Records for the exercise |
%%

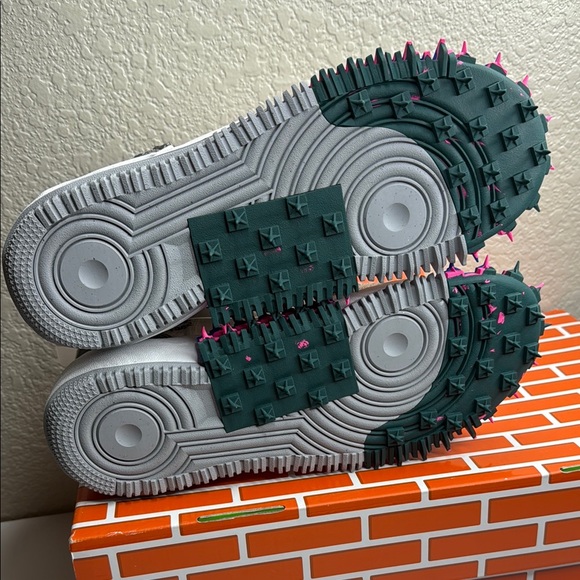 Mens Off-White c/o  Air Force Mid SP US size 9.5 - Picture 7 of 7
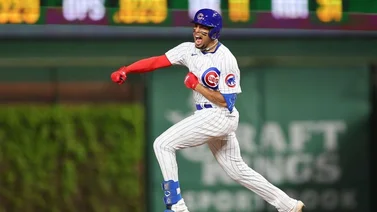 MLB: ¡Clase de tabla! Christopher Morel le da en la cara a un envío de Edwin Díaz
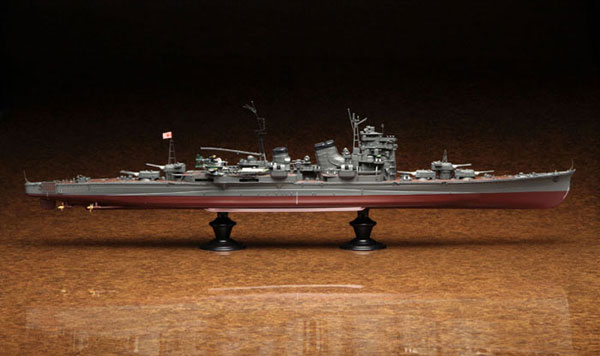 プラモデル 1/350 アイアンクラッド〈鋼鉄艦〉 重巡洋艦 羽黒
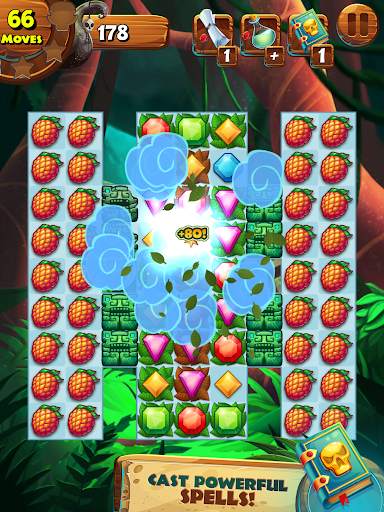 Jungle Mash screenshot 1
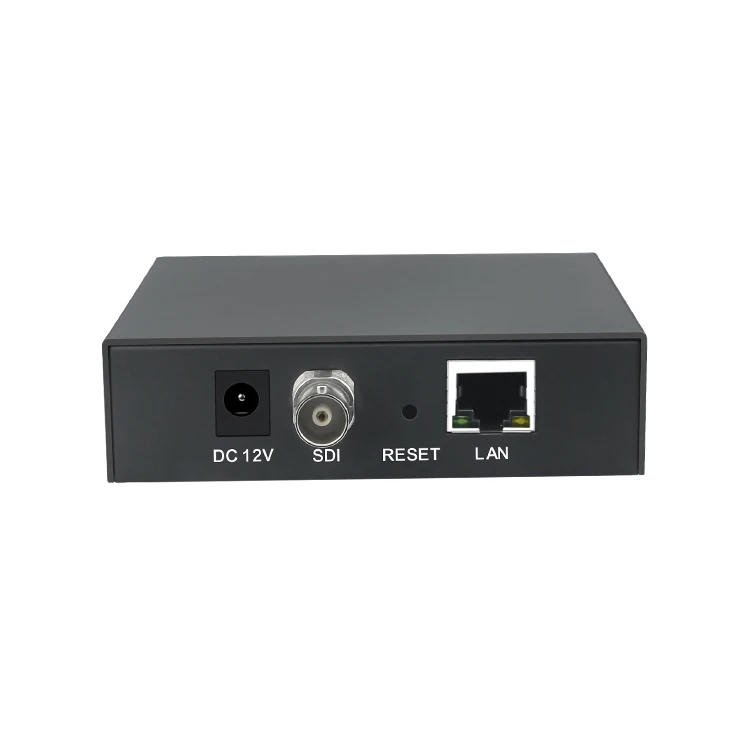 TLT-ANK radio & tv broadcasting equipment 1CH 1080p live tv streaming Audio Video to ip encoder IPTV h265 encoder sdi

%%
%%

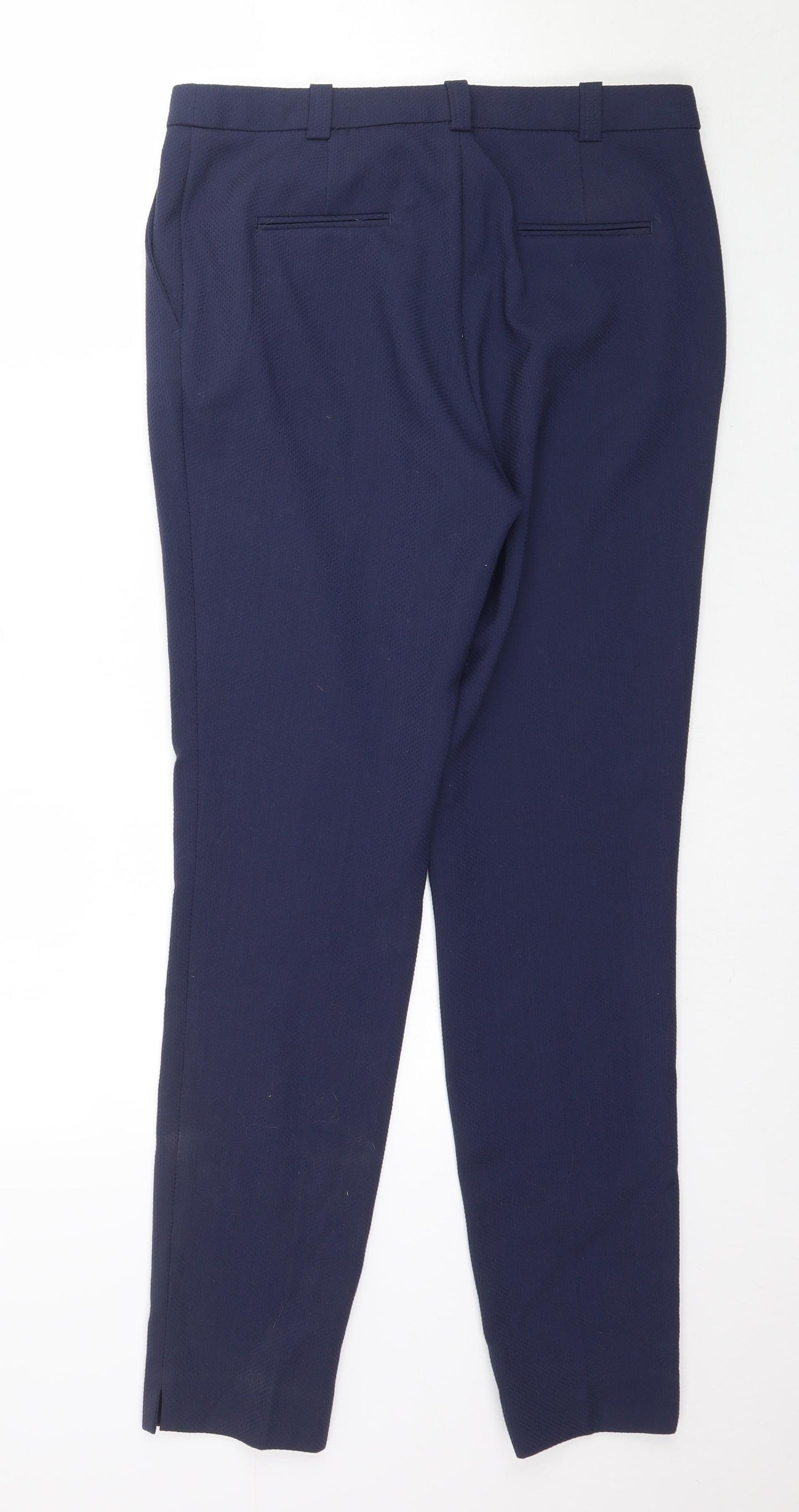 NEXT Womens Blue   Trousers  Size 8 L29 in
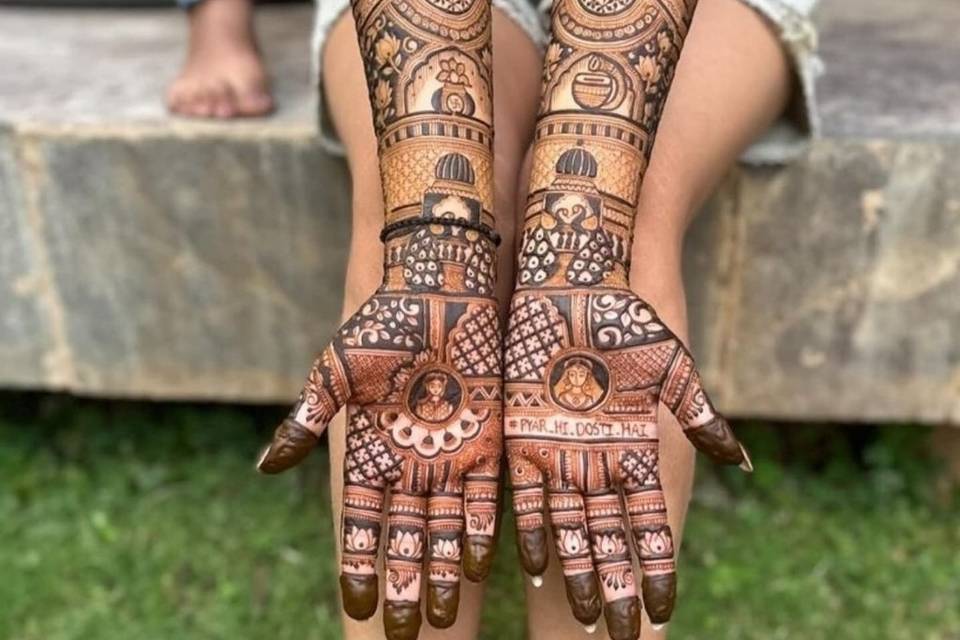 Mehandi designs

%%
%%

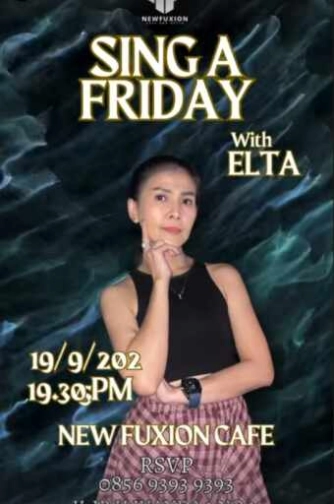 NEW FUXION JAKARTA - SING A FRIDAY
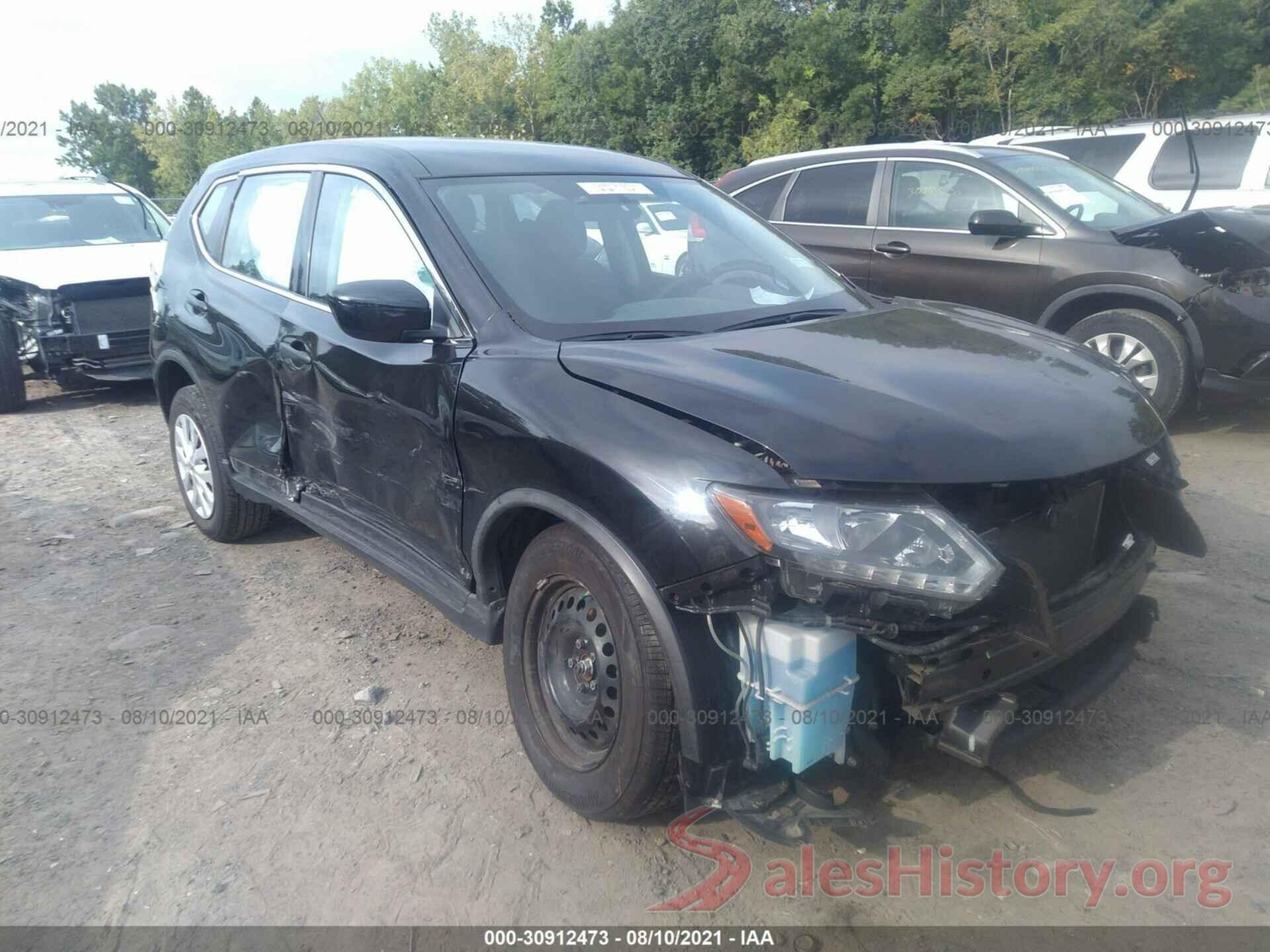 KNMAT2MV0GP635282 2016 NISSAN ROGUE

%%

Task instructions |
Out of the records above, return only the lines from the one with "MLB: ¡Clase de" through the one with "TLT-ANK radio &", exactly, and none of the pictures.

Your solution |
 MLB: ¡Clase de tabla! Christopher Morel le da en la cara a un envío de Edwin Díaz
 プラモデル 1/350 アイアンクラッド〈鋼鉄艦〉 重巡洋艦 羽黒
 Jungle Mash screenshot 1
 TLT-ANK radio & tv broadcasting equipment 1CH 1080p live tv streaming Audio Video to ip encoder IPTV h265 encoder sdi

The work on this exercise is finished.